§ **Material shown**

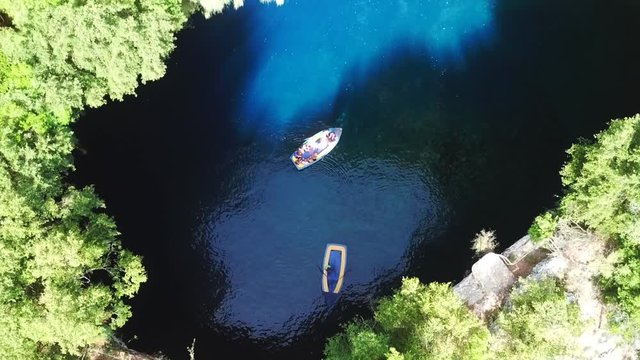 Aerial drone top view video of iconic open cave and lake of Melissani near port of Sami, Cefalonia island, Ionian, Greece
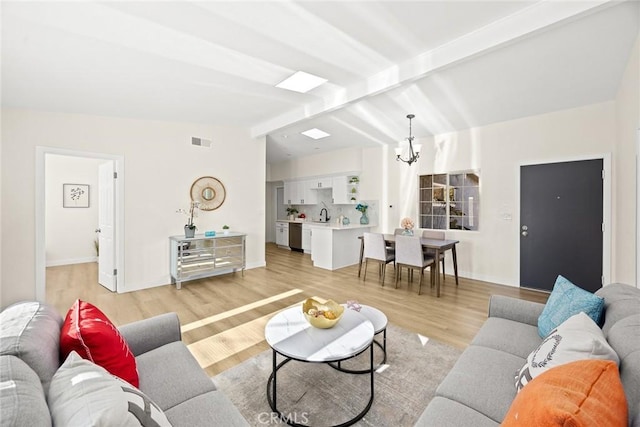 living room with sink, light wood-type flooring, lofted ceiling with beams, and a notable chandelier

---

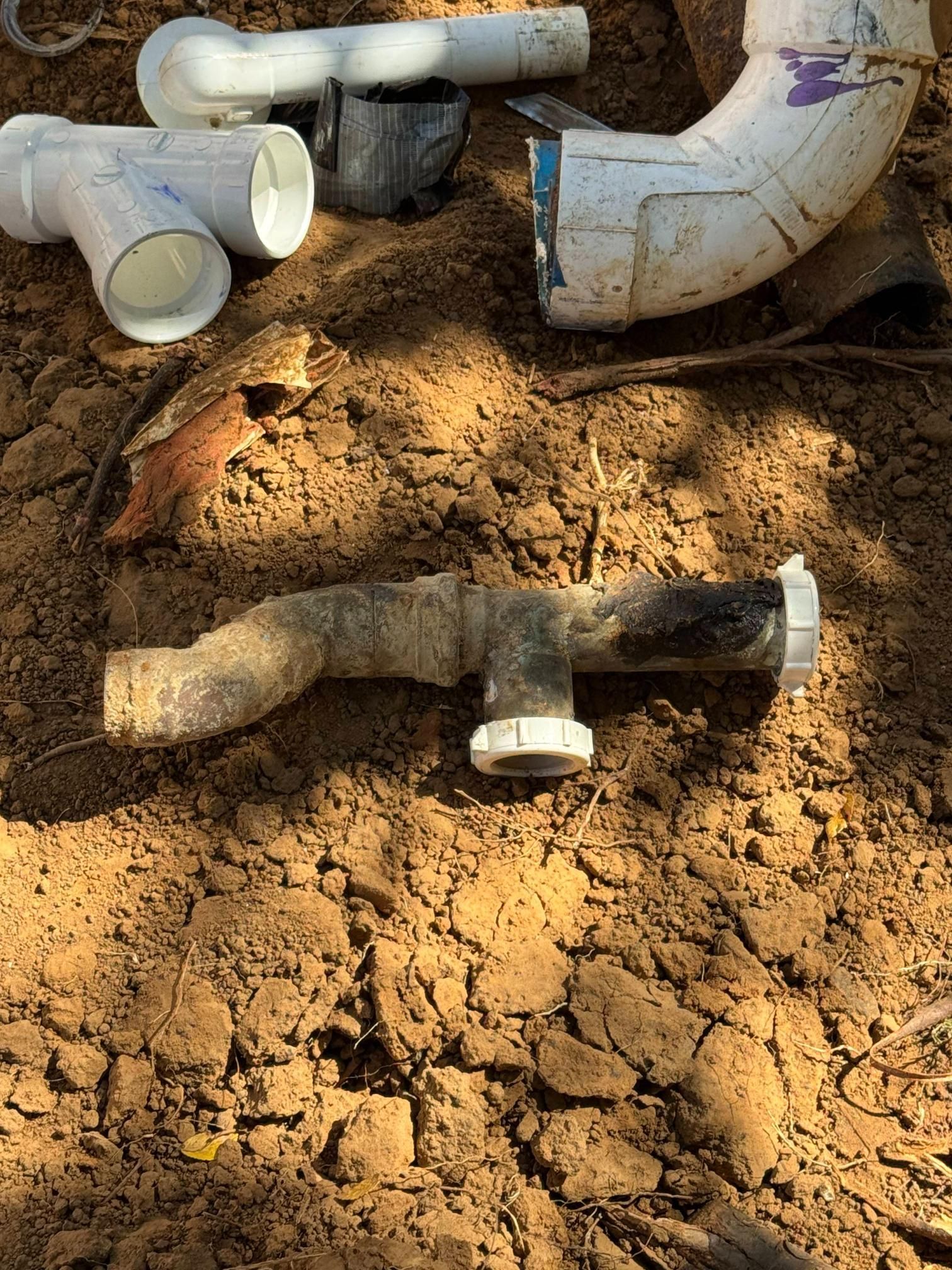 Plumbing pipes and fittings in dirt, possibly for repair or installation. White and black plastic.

§ **Instructions to follow**
From the records above, copy exactly the lines starting at the one with "Aerial drone top" and ending at the one with "living room with", and no others. Pictures stay out.

§ **Response**
 Aerial drone top view video of iconic open cave and lake of Melissani near port of Sami, Cefalonia island, Ionian, Greece
 living room with sink, light wood-type flooring, lofted ceiling with beams, and a notable chandelier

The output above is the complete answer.